ASSIGNED TASK -> Please, without any pictures, transcribe the lines from the one holding "Naklejka na ściany" to the end of the listing, both ends included.

EXTRACTED DATA ->

- - - -

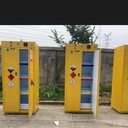 CHENGLIN易燃品毒害品存儲柜-智能型-成霖科技?xì)g迎閣下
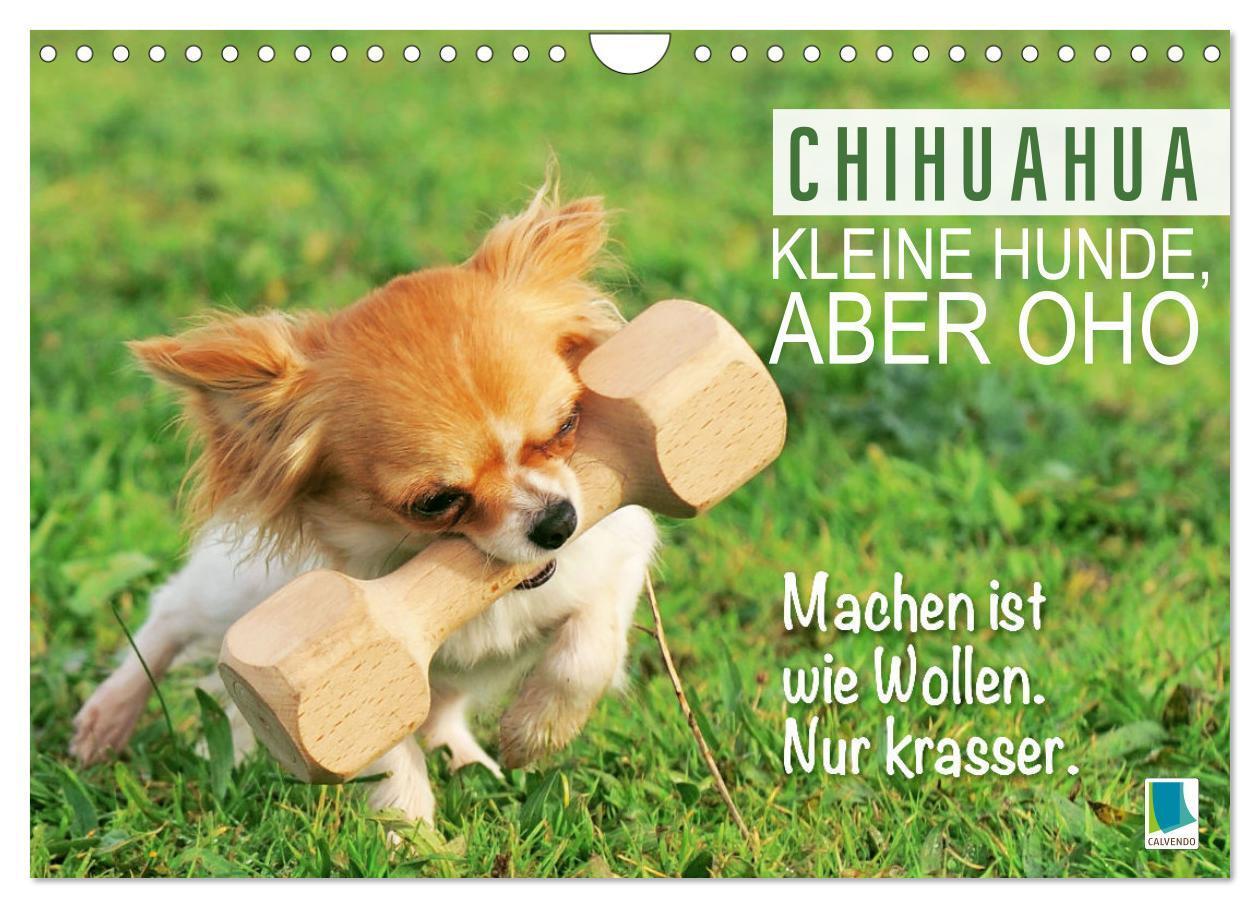 Cover: 9783457199787 | Chihuahua: Kleine Hunde, aber oho (Wandkalender 2025 DIN A4 quer),...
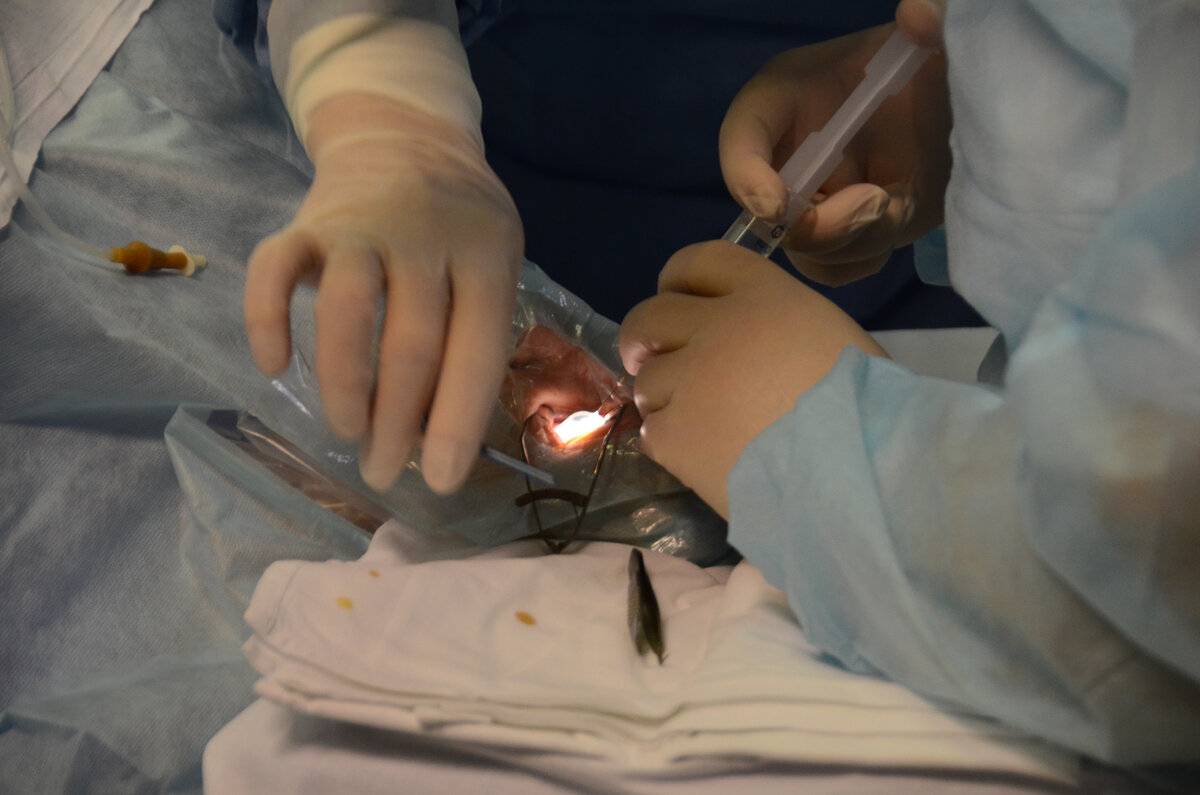 Актер Михаил Мамаев опубликовал в Сети фотографию из больницы, на ней он с повязкой на глазу.  Фото: Фото: ФедералПресс / Татьяна Буторина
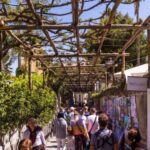 From Naples: Amalfi and Positano Boat Tour with Free Time - Value and Cost Considerations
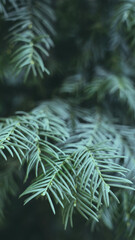 Naklejka na ściany i meble branches of a pine 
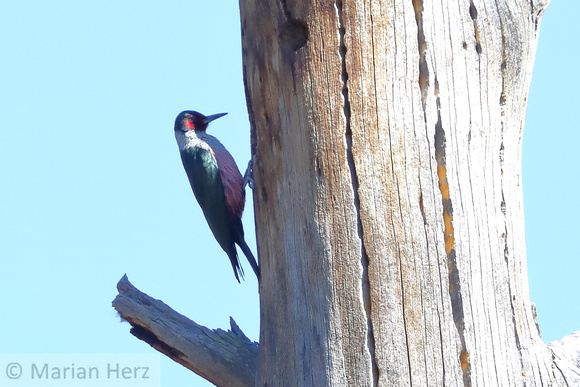 45WL Lewis's Woodpecker (9)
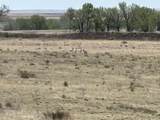 913 Hwy 505 - Photo 42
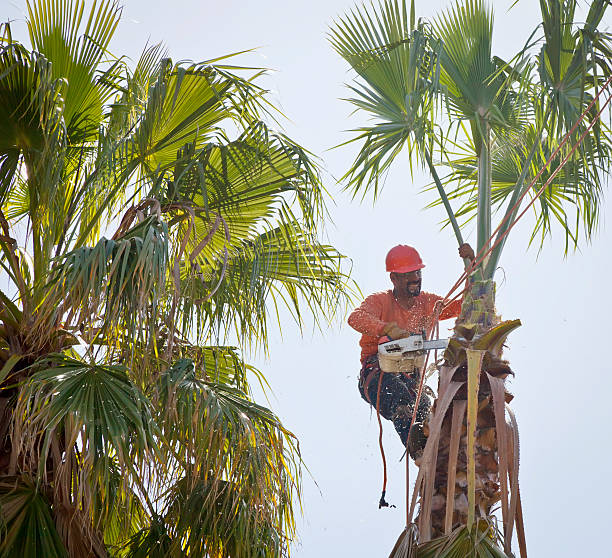 Best Hazardous Tree Removal  in Olivet, MI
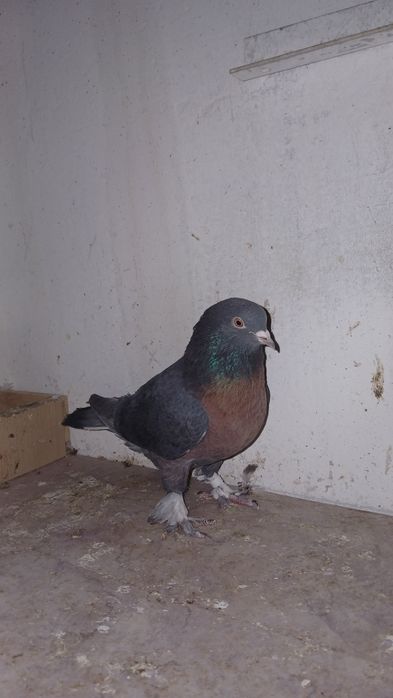 Голубка, порода миро , за 5 000 т.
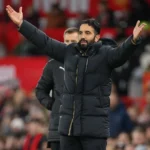 january-transfer-news:-man-united-should-hijack-tottenham-move-for-‘proven’-premier-league-striker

- - - -

ANSWER SPACE ->
 Naklejka na ściany i meble branches of a pine 
 45WL Lewis's Woodpecker (9)
 913 Hwy 505 - Photo 42
 Best Hazardous Tree Removal  in Olivet, MI
 Голубка, порода миро , за 5 000 т.
 january-transfer-news:-man-united-should-hijack-tottenham-move-for-‘proven’-premier-league-striker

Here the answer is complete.